Weaviate - push records in batch errors with JSONDecodeError

216 Views Asked by At

I’m trying to add records in a batch, but after I add my objects to the batch, I always get a JSONDecodeError when I assume the batch is being sent to my Weaviate class.

client.batch.configure(batch_size=100, dynamic=False, timeout_retries=3,
                       callback=weaviate.util.check_batch_result,
consistency_level=weaviate.data.replication.ConsistencyLevel.ALL)
with client.batch as batch:
     for el_idx, el in enumerate(send_to_weaviate):
         batch.add_data_object(el, "MyClass")

Records look like this:

send_to_weaviate[0]
{'my_id': '3c2466b7e7da201c66f42ea362874343',
 'post_timestamp': ['1644883202000', '1644883242000'],
 'dist_metric': [0, 0]}

Schema looks like this:

class_obj = {
        "class": "MyClass",
        "description": "Description",
        "properties": [{
            "dataType": ["text"],
            "description": "ID",
            "name": "my_id"
        },  {
            "dataType": ["text[]"],
            "description": "Timestamps",
            "name": "post_timestamp"
        },  {
            "dataType": ["int[]"],
            "description": "Description",
            "name": "dist_metric"
        }]
    }

Error message:

File ~/opt/anaconda3/envs/scripts/lib/python3.9/site-packages/weaviate/batch/crud_batch.py:644, in Batch._create_data(self, data_type, batch_request)
    642     connection_count += 1
    643 else:
--> 644     response_json = response.json()
    645     if (
    646         self._weaviate_error_retry is not None
    647         and batch_error_count < self._weaviate_error_retry.number_retries
    648     ):
    649         batch_to_retry, response_json_successful = self._retry_on_error(
    650             response_json, data_type
    651         )

File ~/opt/anaconda3/envs/scripts/lib/python3.9/site-packages/requests/models.py:975, in Response.json(self, **kwargs)
    971     return complexjson.loads(self.text, **kwargs)
    972 except JSONDecodeError as e:
    973     # Catch JSON-related errors and raise as requests.JSONDecodeError
    974     # This aliases json.JSONDecodeError and simplejson.JSONDecodeError
--> 975     raise RequestsJSONDecodeError(e.msg, e.doc, e.pos)

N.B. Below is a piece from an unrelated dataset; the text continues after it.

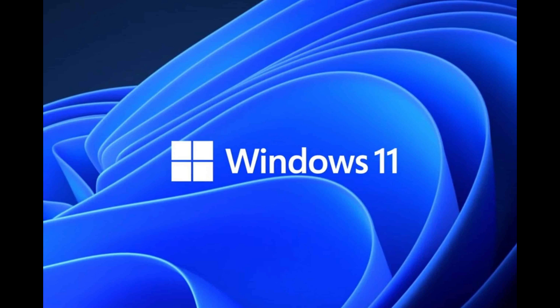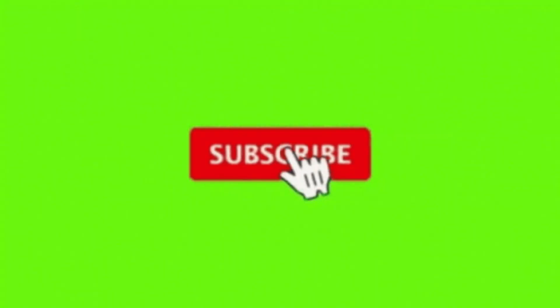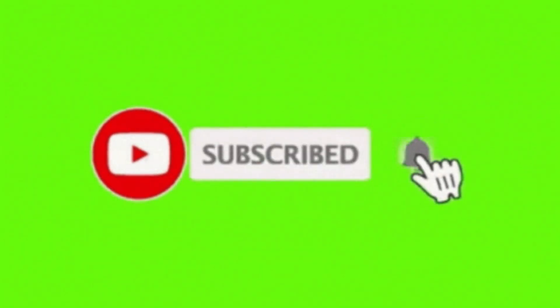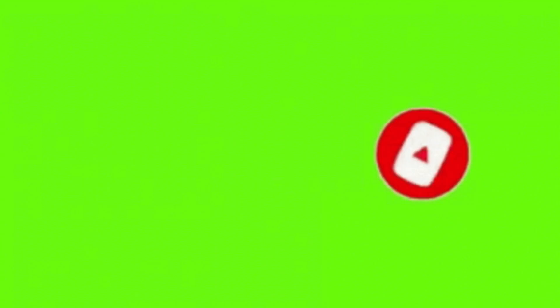Alrighty, that's it for this video folks. Remember to like, share, comment, and subscribe, and I will see you in my next video. Bye for now.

JSONDecodeError: Expecting value: line 1 column 1 (char 0)

All of the Googling I've done has indicated that the JSONDecodeError occurs when your payload is not json serializable. Weaviate supports lists of common data types as properties (e.g., the int[] and text[] data types), but in general JSON doesn't like lists of ints or lists of strings in its values. However when I try to JSON serialize my send_to_weaviate variable, I have no problems, so this may not be the true cause?

import json
json.loads(json.dumps(send_to_weaviate))  # No errors

Can anyone help me figure out why my batch fails to add to Weaviate?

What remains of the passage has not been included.